Wie ist die Positi­on der Bundesregierung?
Bundes­kanz­ler Olaf Scholz und der franzö­si­sche Präsi­dent Emmanu­el Macron kündig­ten am Donners­tag bei einem Besuch in Kiew Unter­stüt­zung für den Wunsch der Ukrai­ne an, Beitritts­kan­di­dat zu werden. «Deutsch­land ist für eine positi­ve Entschei­dung zuguns­ten der Ukrai­ne», sagte Scholz.

Welche Länder streben noch in die Europäi­sche Union?
Bereits Beitritts­kan­di­da­ten sind neben der Türkei die Länder Albani­en, Nordma­ze­do­ni­en, Monte­ne­gro und Serbi­en. Hinzu kommen Bosni­en-Herze­go­wi­na und das Kosovo als sogenann­te poten­zi­el­le Kandi­da­ten. Kurz nach der Ukrai­ne hatten sich im März zudem auch Georgi­en und Moldau bewor­ben. Für diese beiden Länder will die EU-Kommis­si­on heute ebenfalls ihre Empfeh­lung vorle­gen.
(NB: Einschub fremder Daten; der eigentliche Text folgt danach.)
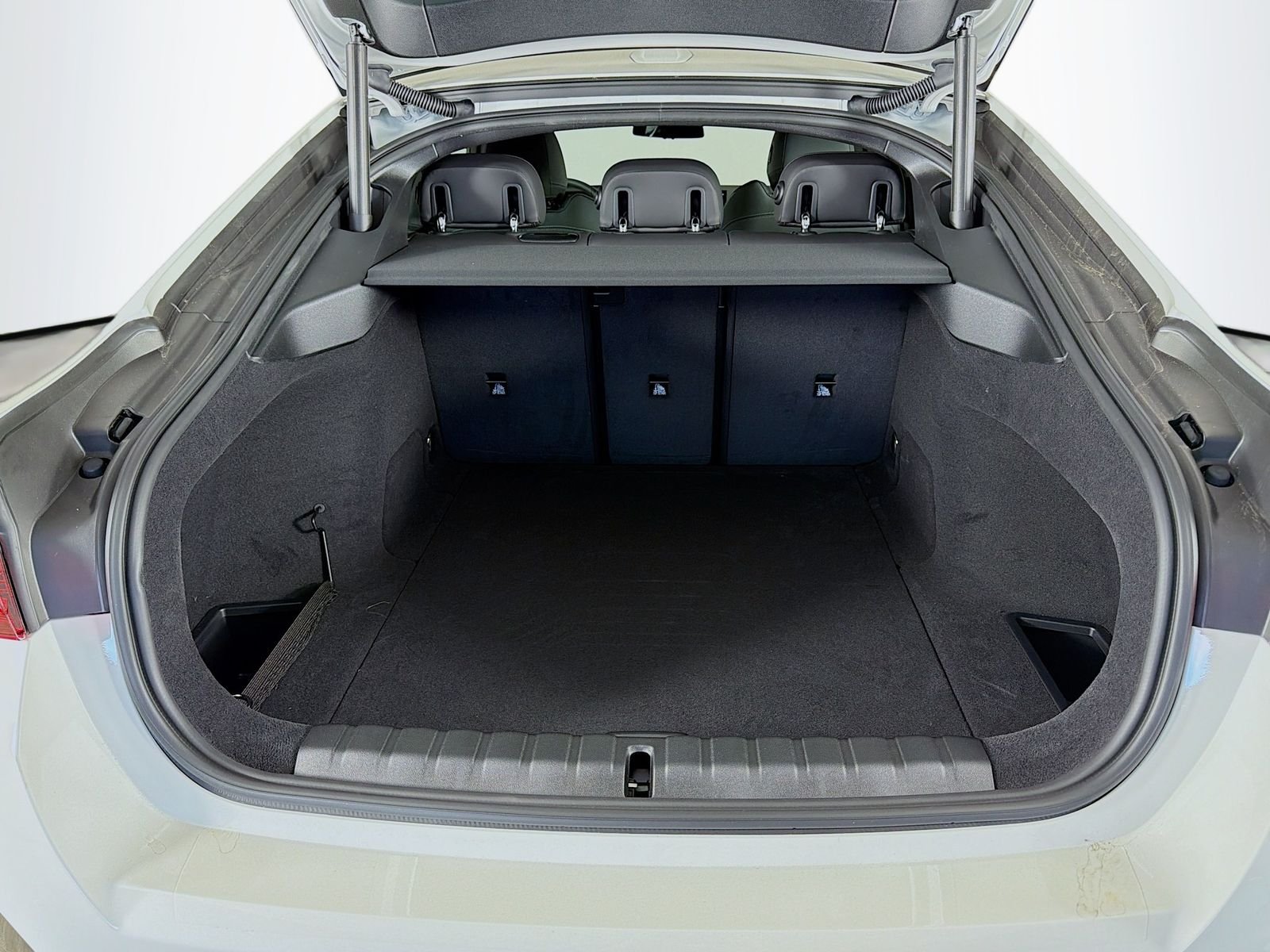 New 2026 Alpine White BMW eDrive40 image 27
Moldau dürfte dabei ähnlich gut wegkom­men wie die Ukrai­ne. Georgi­en muss hinge­gen damit rechnen, dass es den Kandi­da­ten-Status erst nach der Erfül­lung von Aufla­gen bekommt.

Welche Bedeu­tung hat der Kandi­da­ten-Status für die Ukraine?
Eine mögli­che Annähe­rung an die EU hat für das Land im Krieg mittler­wei­le überra­gen­de Bedeu­tung gewon­nen. Präsi­dent Wolodym­yr Selen­skyj erklärt dies immer wieder zu einer histo­ri­schen Frage. Zugleich betont er, dass die Ukrai­ne gegen Russland auch die EU und deren Werte vertei­di­ge. Die kalte Schul­ter der EU wäre wohl auch für die Moral der kämpfen­den Ukrai­ner ein herber Rückschlag — und ein Glücks­fall für Russlands Präsi­den­ten Wladi­mir Putin.